Wednesday, April 27, 2016

Trip To Bali, Indonesia: Uluwatu Temple / Pura Luhur Uluwatu



Photo By: Elin Chow

Located at the southern point of Bukit Peninsula, Pura Luhur Uluwatu (also known as Uluwatu Temple) is a famous ancient sea temple built on the tip of a cliff, 90 metres above the Indian Ocean. The temple is an important landmark and an absolute must see in Bali.

Entrance Fees

Just like Tanah Lot, visitors are required to pay an entrance fee in order to enter the area. I could not remember the price because they were included in our tour package. Uluwuta opens daily from 9.00 am to 6.00 pm for visitors. For worship purposes, it is open for 24 hours daily.

Souvenirs shops can be found at the entrance to the temple. But unlike Tanah Lot, Uluwatu is less commercialized, touristy and crowded due to its remote location.
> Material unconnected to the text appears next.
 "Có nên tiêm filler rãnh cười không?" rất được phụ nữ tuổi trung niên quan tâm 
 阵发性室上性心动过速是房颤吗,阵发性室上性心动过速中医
You will seldom find anyone offering to take your photograph for a price or trying to sell you something.


We paid the entrance fee and were given sarongs to wear. After putting on the sarongs, we walked down a stepped pathway towards the Indian Ocean. Plenty of trees are grown along the path to provide shade during sunny days.


In Balinese language "Ulu" means "top" or "tip" and "Watu" means "rock". So, Pura Luhur Uluwatu refers to the temple built on the tip of a rock.
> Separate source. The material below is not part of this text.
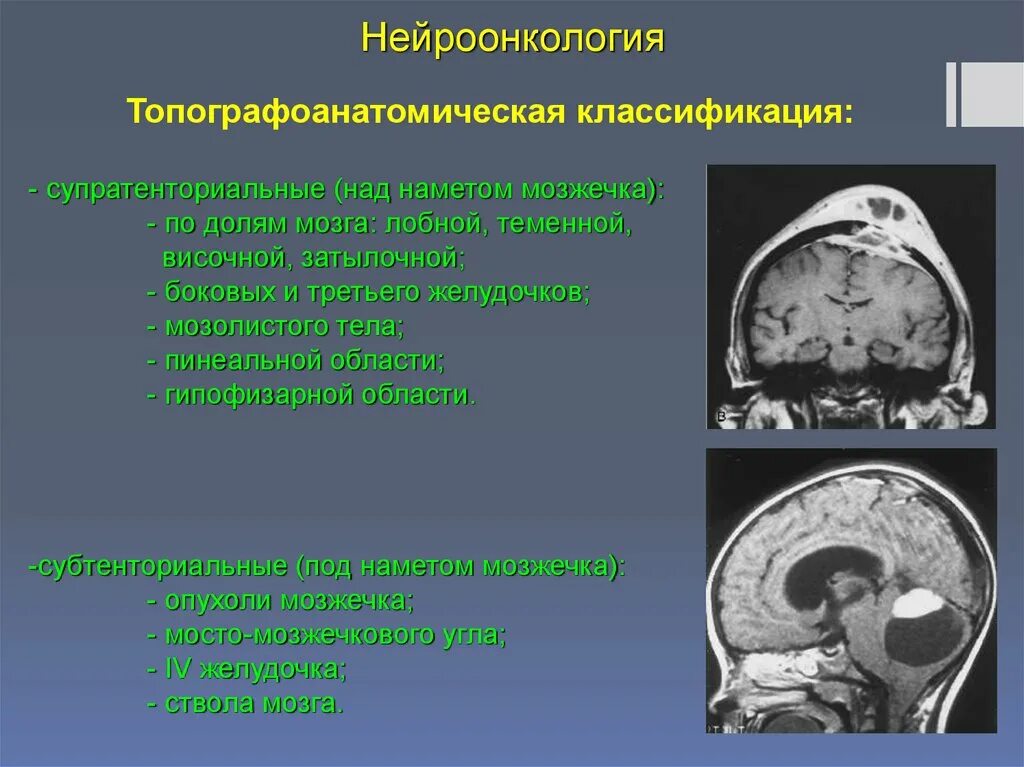 Новообразование в головном мозге. Опухоли мозга классификация. Классификация глиом головного мозга. Мозжечковая опухоль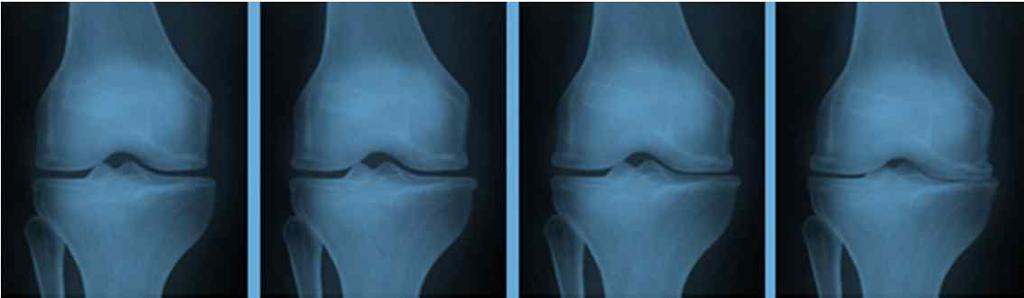 04 HL-JOINT 100 차별화된원천기술력 - 골관절염시장현황 현재시장에서골관절염에대한적절한치료방법의부재 :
Uluwatu Temple is one of the oldest temple in Bali. The thousand year old temple is perched atop of a steep cliff overlooking the beautiful Indian Ocean. Just like Tanah Lot, it is built to protect the island from the evil sea spirits and is one of the seven sea temple that form a chain along the coast of Bali.



The temple is considered to be one of the nine Kahyangan Jagat (directional temples) in Bali, which is meant to protect evil spirits from the island. All these temples are built in auspicious locations that are believed to bring good luck to the island.


Among the nine, six are classified as Sad Kahyangan or Six Sanctuaries of the World. Uluwatu temple is regarded as one of the Six Sanctuaries of the World. The Six Sanctuaries of the World are the most holiest place of worship in Bali and are situated in six key points on the island. The placement of the temples is believe to provide spiritual balance to the island.


Various inscriptions have indicated that the temple was founded by Mpu Kunturan, a Majapahit monk who have also established several other important temples in Bali such as Pura Sakenan in Denpasar. The Balinese Hindu devotees believe that Dhang Hyang Nirartha, a wandering priest from East Java, have chosen Uluwatu as his last earthly abode.


Legend, however, says that Nirartha was actually the one who founded the Uluwatu Temple. It is believed that Nirartha has attained Moska (disappeared without leaving his body) while mediating at Uluwatu.

In 1999, a lightning strike and set some part of the temple on fire. The temple has since been restored. However, the continuous pounding of ocean waves have eroded the cliff base, putting the temple of collapsing.


Just like Tanah Lot, Uluwatu is another excellent and popular spot for watching sunset over the Indian Ocean. The best time to visit is around 5.00 pm when the sun is just about to set. However, I would suggest anyone to visit early before noon if you want to avoid the massive crowds.


Although a famous tourist attraction, Ulutwatu is still a holy place for worship and respect should be shown at all times. Please dress appropriately when you are visiting the temple. A sarong and sash must be worn in order to enter the temple grounds. At the entrance, there are sarongs and sashes which you can rent for free if you did not bring your own.


We stood on the edge of the cliff with magnificent view of the Indian Ocean, offering plenty of opportunities for breathtaking photography.


We were overwhelmed by the beautiful scenery that surrounded us. The view of the impossibly blue sky and ocean takes our breath away.



This is a great place to escape the hustle and bustle of city life and relax under the warmth of the sun as you listen to the calming ocean waves. 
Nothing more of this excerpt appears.